Data records
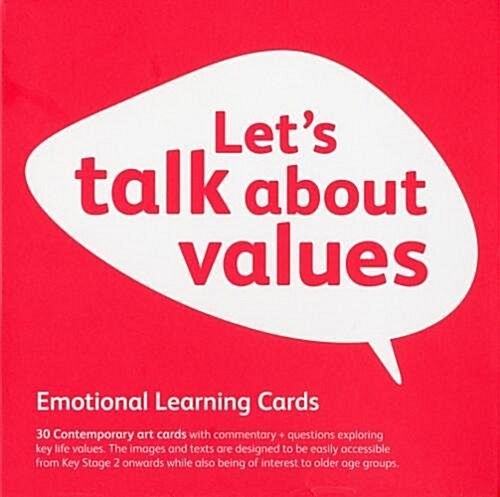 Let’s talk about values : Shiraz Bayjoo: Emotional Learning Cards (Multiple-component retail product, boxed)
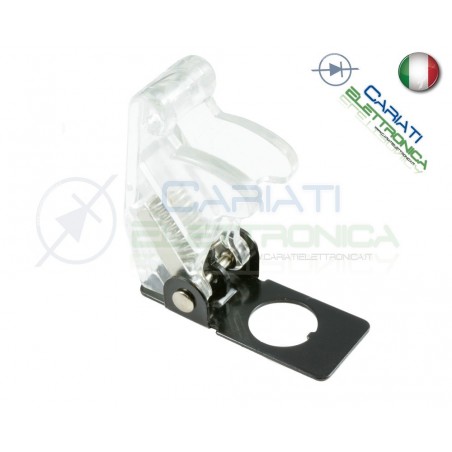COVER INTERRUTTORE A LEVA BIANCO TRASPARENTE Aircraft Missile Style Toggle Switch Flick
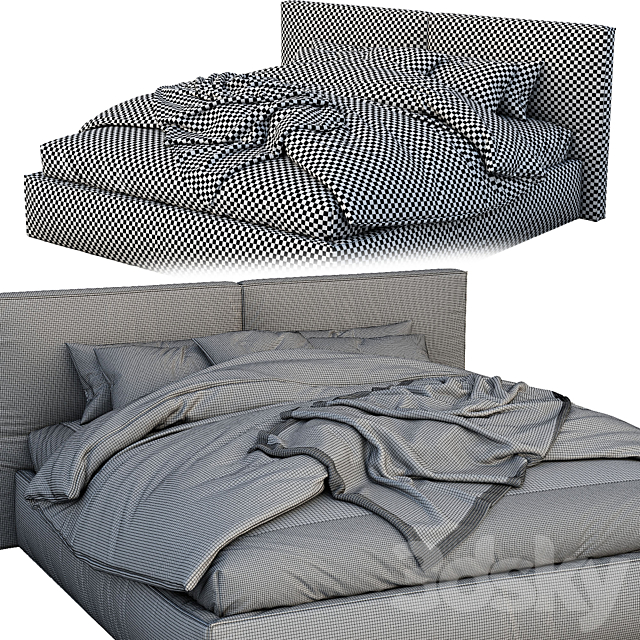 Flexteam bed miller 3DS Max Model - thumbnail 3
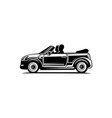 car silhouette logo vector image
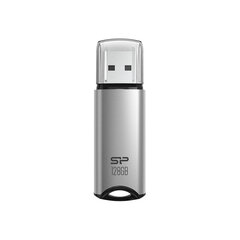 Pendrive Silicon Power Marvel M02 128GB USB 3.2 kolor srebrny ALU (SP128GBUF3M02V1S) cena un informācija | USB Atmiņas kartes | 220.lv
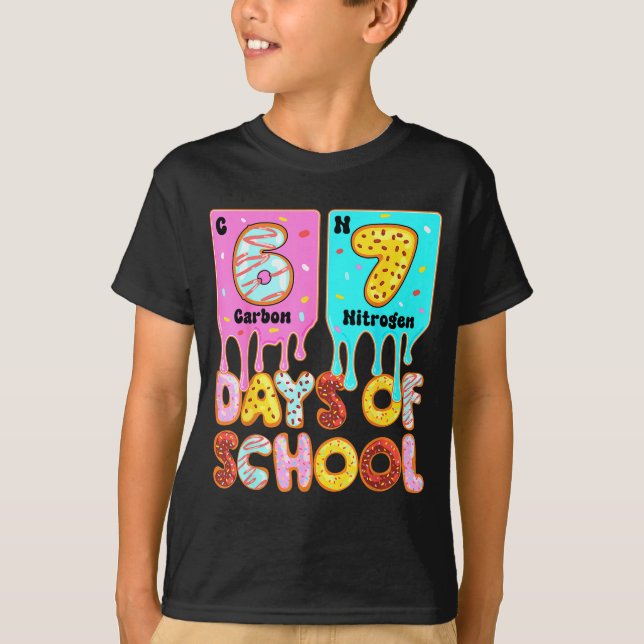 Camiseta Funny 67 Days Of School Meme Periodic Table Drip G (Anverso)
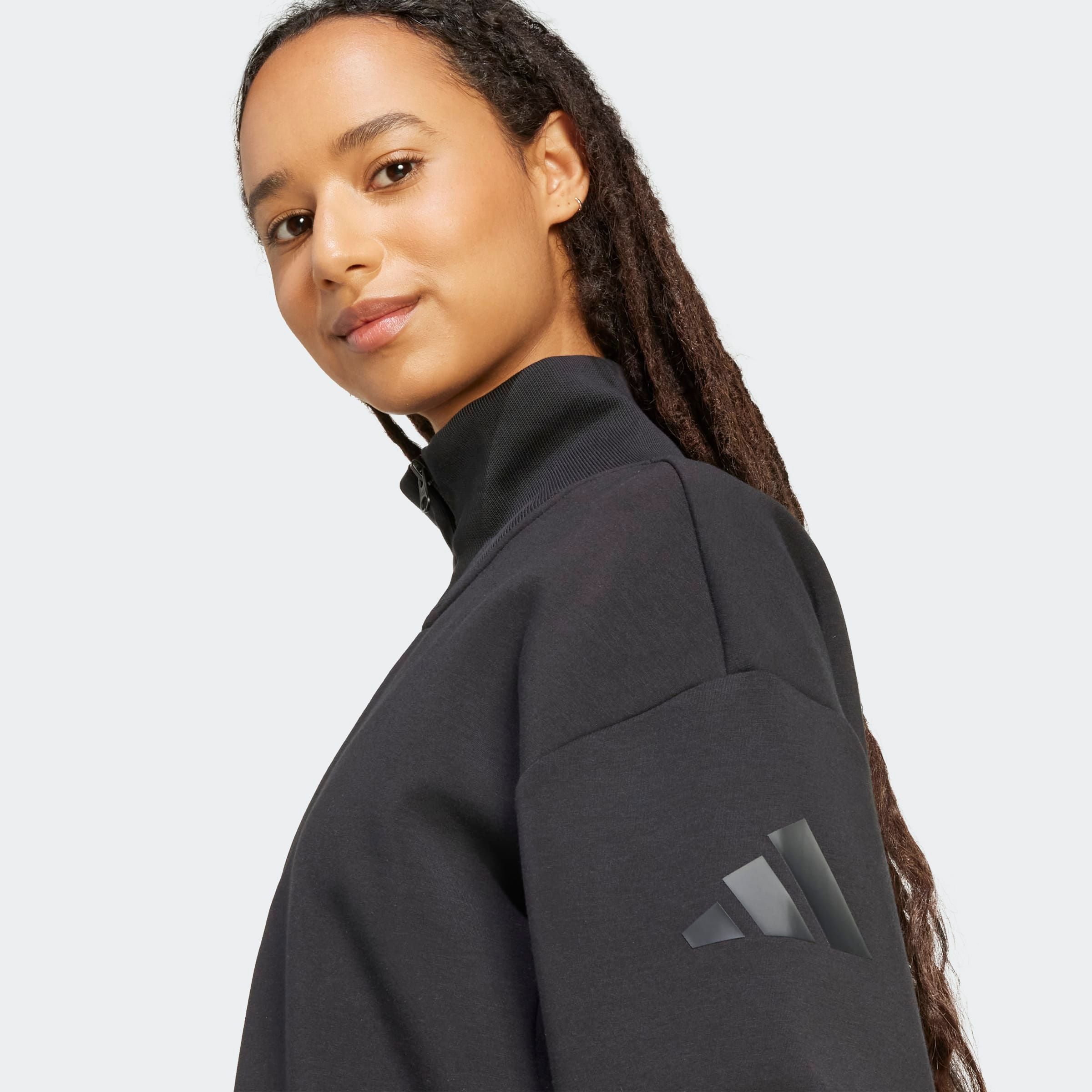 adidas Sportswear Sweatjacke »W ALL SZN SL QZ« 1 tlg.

* Required work: The answer consists solely of the lines from the one holding "COVER INTERRUTTORE A" through the last line of the entries above, set down verbatim, without any pictures.

* Response area:
COVER INTERRUTTORE A LEVA BIANCO TRASPARENTE Aircraft Missile Style Toggle Switch Flick
 Flexteam bed miller 3DS Max Model - thumbnail 3
 car silhouette logo vector image
 Pendrive Silicon Power Marvel M02 128GB USB 3.2 kolor srebrny ALU (SP128GBUF3M02V1S) cena un informācija | USB Atmiņas kartes | 220.lv
 Camiseta Funny 67 Days Of School Meme Periodic Table Drip G (Anverso)
 adidas Sportswear Sweatjacke »W ALL SZN SL QZ« 1 tlg.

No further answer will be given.